Segundo os cientistas, a estratégia, ainda não testada em pacientes, funciona não só para acabar com uma infecção já existente por HIV, como também para evitar novas. Ao menor sinal de tentativa de integração do material genético do vírus HIV com o DNA humano, a proteína Cas9 entra em ação destruindo o invasor.

“Podemos explorar vários sistemas e rotas para aplicar a Cas9 em indivíduos já infectados com o HIV e também para imunizar indivíduos de grupos de risco”, dizem os autores no artigo da PNAS.

Promissora, mas não prática

O geneticista Renato Santana, que conduz pesquisas de combate ao HIV com terapia genética na Universidade Federal do Rio de Janeiro (UFRJ), pontua que a nova abordagem é “extremamente relevante e de fácil manipulação no laboratório”, mas ressalta que ainda é necessário desenvolver métodos eficientes de aplicação da estratégia nos pacientes.

Uma das possibilidades seria injetar a proteína Cas9 acoplada ao RNA diretamente na medula óssea, importante reservatório de vírus latentes e fábrica de células sanguíneas. Mas o procedimento não é trivial.

“A entrega da Cas9 nas células ainda é complicada; a repopulação da medula é um procedimento custoso, que requer muito cuidado e não é viável como estratégia de tratamento de grande abrangência entre a população”, pondera Santana. “A abordagem pode ser boa a longo termo, mas, a curto prazo, as estratégias farmacológicas ainda são mais plausíveis.”
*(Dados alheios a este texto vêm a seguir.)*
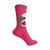 Sock Monkey Crew Socks in Fuchsia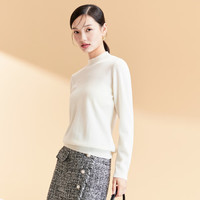  春竹 100%纯羊毛 女士羊毛衫 欧白 半高领套衫 M 95CM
Santana: “A abordagem pode ser boa a longo termo, mas, a curto prazo, as estratégias farmacológicas ainda são mais plausíveis”

O pesquisador nota ainda que, antes de se pensar no uso dessa terapia, é preciso garantir que a estratégia seja segura. Um dos perigos é que a Cas9 corte não só o genoma viral, mas sequências relevantes do DNA do paciente. “Várias partes do nosso genoma são oriundas de vírus inseridos em nossas células há milhares de anos e elas controlam processos relevantes ao desenvolvimento celular, como o transporte de colesterol e a formação da placenta”, explica Santana.

Para o pesquisador, as estratégias que miram na reprogramação das células para torná-las resistentes ao HIV são mais seguras por enquanto. Em seu laboratório, Santana e colegas trabalham nessa linha e desenvolvem uma abordagem que impede a entrada do HIV nas células e, ao mesmo tempo, destrói os vírus que conseguirem entrar. “Estamos tentando tornar as células duplamente resistentes”, diz Santana. “Modificamos o receptor CCR5 para que o vírus não entre e, se ele escapar, uma proteína entra em ação e modifica o vírus, tornando-o inativo.”

Por outro lado, o grupo da Universidade Temple destaca que sua pesquisa com a Cas9 está em plena ascensão e evolui rapidamente, de modo que a abordagem proposta tende a ficar cada vez mais próxima da aplicação clínica. “A edição genômica por Cas9 tem mostrado uma eficácia promissora e suas propriedades podem fornecer um caminho viável para uma cura permanente da Aids e outros vírus patogênicos”, concluem os pesquisadores no artigo da PNAS.

Segundo o novo relatório da Unaids, estima-se que existam 35 milhões de pessoas infectadas com HIV no mundo, das quais 19 milhões não foram diagnosticadas. Apesar de apresentar queda global, a taxa de novas infecções pelo vírus da Aids aumentou 11% no Brasil entre 2005 e 2013, impulsionada principalmente pela maior transmissão da doença entre indivíduos de grupos de risco, como homens homossexuais.